6.2.1 Tuples
Mathematically, a
tuple
is an ordered list of elements.
In Myron, a tuple value is entered as a comma-separated list of
expressions delimited by parentheses. The displayed form is very
similar to the input form. For example, (1,3,5,7) represents both the
input syntax and the display of a tuple with 4 elements. However,
there is a minor variation in the input syntax of a single-element
tuple to distinguish it from a parenthesized subexpression. The
leading element of an entered tuple is allowed to be empty. Thus (6)
is a real subexpression while (,6) is a tuple with one element.

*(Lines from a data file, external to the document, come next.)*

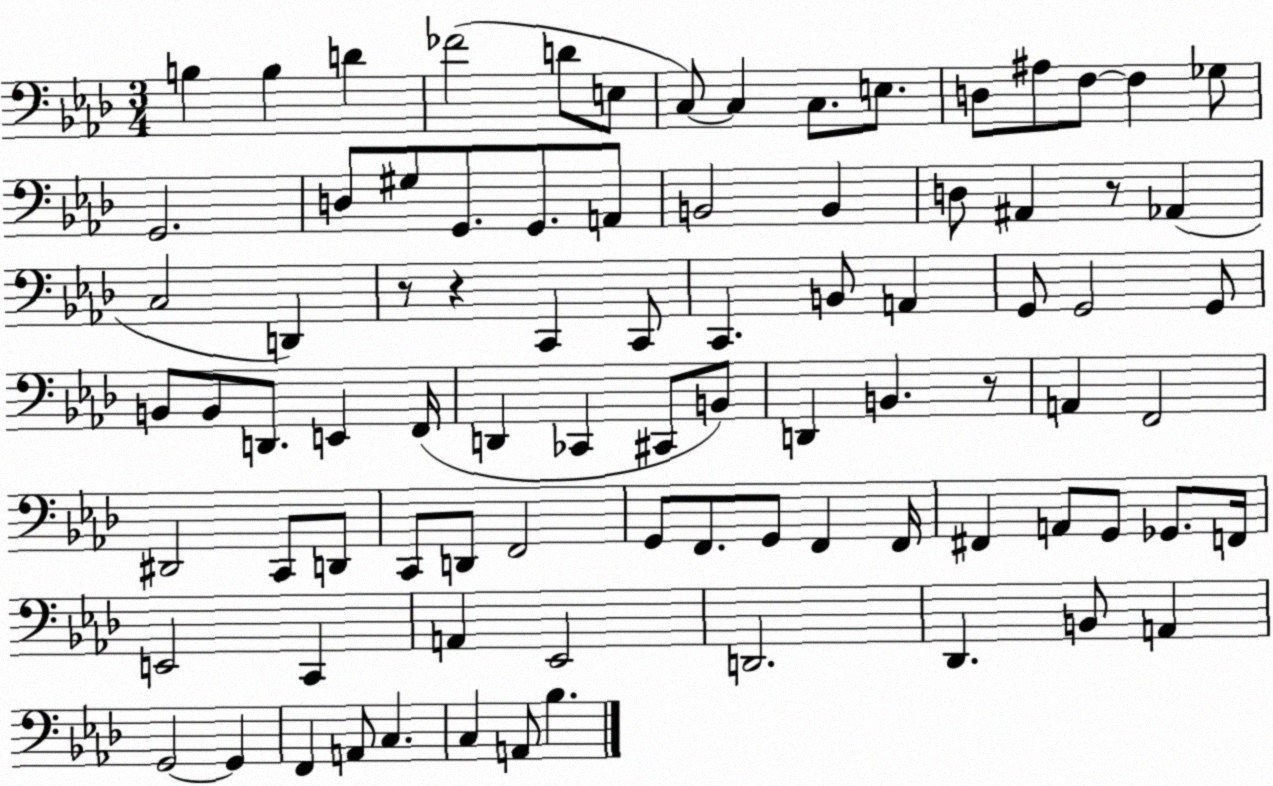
X:1
T:Untitled
M:3/4
L:1/4
K:Ab
B, B, D _F2 D/2 E,/2 C,/2 C, C,/2 E,/2 D,/2 ^A,/2 F,/2 F, _G,/2 G,,2 D,/2 ^G,/2 G,,/2 G,,/2 A,,/2 B,,2 B,, D,/2 ^A,, z/2 _A,, C,2 D,, z/2 z C,, C,,/2 C,, B,,/2 A,, G,,/2 G,,2 G,,/2 B,,/2 B,,/2 D,,/2 E,, F,,/4 D,, _C,, ^C,,/2 B,,/2 D,, B,, z/2 A,, F,,2 ^D,,2 C,,/2 D,,/2 C,,/2 D,,/2 F,,2 G,,/2 F,,/2 G,,/2 F,, F,,/4 ^F,, A,,/2 G,,/2 _G,,/2 F,,/4 E,,2 C,, A,, _E,,2 D,,2 _D,, B,,/2 A,, G,,2 G,, F,, A,,/2 C, C, A,,/2 _B, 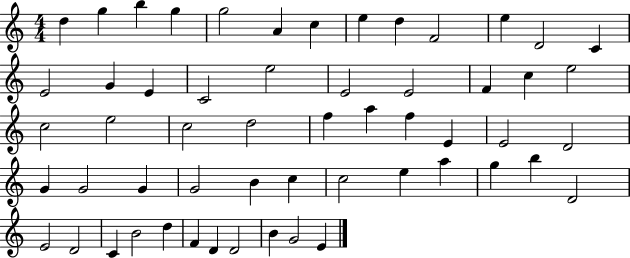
D5/q G5/q B5/q G5/q G5/h A4/q C5/q E5/q D5/q F4/h E5/q D4/h C4/q E4/h G4/q E4/q C4/h E5/h E4/h E4/h F4/q C5/q E5/h C5/h E5/h C5/h D5/h F5/q A5/q F5/q E4/q E4/h D4/h G4/q G4/h G4/q G4/h B4/q C5/q C5/h E5/q A5/q G5/q B5/q D4/h E4/h D4/h C4/q B4/h D5/q F4/q D4/q D4/h B4/q G4/h E4/q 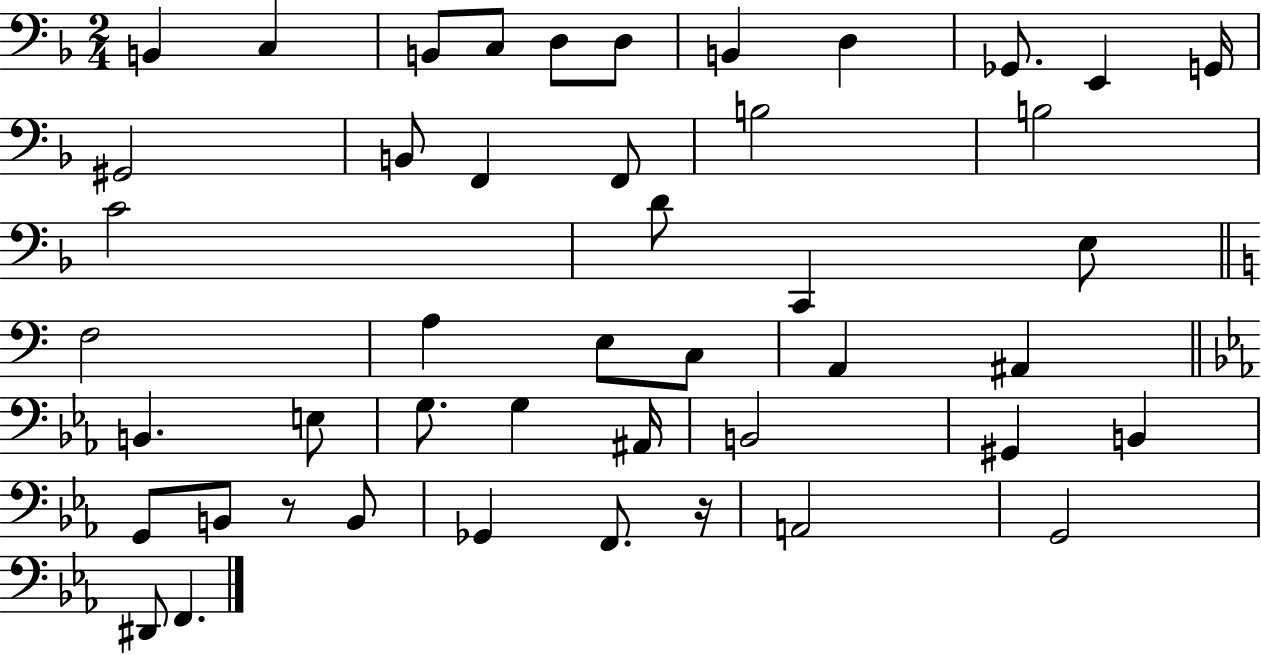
{
  \clef bass
  \numericTimeSignature
  \time 2/4
  \key f \major
  b,4 c4 | b,8 c8 d8 d8 | b,4 d4 | ges,8. e,4 g,16 | \break gis,2 | b,8 f,4 f,8 | b2 | b2 | \break c'2 | d'8 c,4 e8 | \bar "||" \break \key c \major f2 | a4 e8 c8 | a,4 ais,4 | \bar "||" \break \key ees \major b,4. e8 | g8. g4 ais,16 | b,2 | gis,4 b,4 | \break g,8 b,8 r8 b,8 | ges,4 f,8. r16 | a,2 | g,2 | \break dis,8 f,4. | \bar "|."
}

A tuple with 0 entries, called the empty
tuple, the 0-tuple or the null tuple, also uses the variation, being
entered as (,) and displayed as
(, ).
An element of a tuple may be any kind of expression. In particular it
may be another tuple element.
((0, 0), (1, 1), (2, 4), (3, 9))
is a tuple of tuples (but note it is not a matrix). The constituent
elements need not be the same length nor even the same type.
((, 0), (0, 1), (0, 1, 2))
is a valid tuple with entries of different lengths. (In preview of
§6.3, this tuple can be generated by
((x|x∈1, i)|i∈1, 3).)
An example of a tuple with both different element lengths and different collection
types is 
(a, {b, c}, [(, d), (, e)]).
When all the elements of a tuple have the same type,
that type is called
the common type. If any element of a tuple
has a type different from any other element, the common type is said
to be indeterminate.
Tuples can be represented by variables.
A tuple variable is displayed as a simple variable in bold font, but
its input form has a different notation. To distinguish a tuple
variable from other variables, a tuple variable is decorated with the
type suffix t or ʈ [1].
A variable with a decoration like this is said to be explicitly typed.
A tuple can be bound to a variable by appearing in a definition in which
the variable appears on the defining side:
xʈ→((, 0), (0, 1), (0, 1, 2)). The variable does not need the ʈ decoration
in the input form
because the nature of the variable is inferred from the right side of
the definition. If, on the other hand, the variable on the defining
side does have a ʈ decoration, the elaboration must be a tuple expression.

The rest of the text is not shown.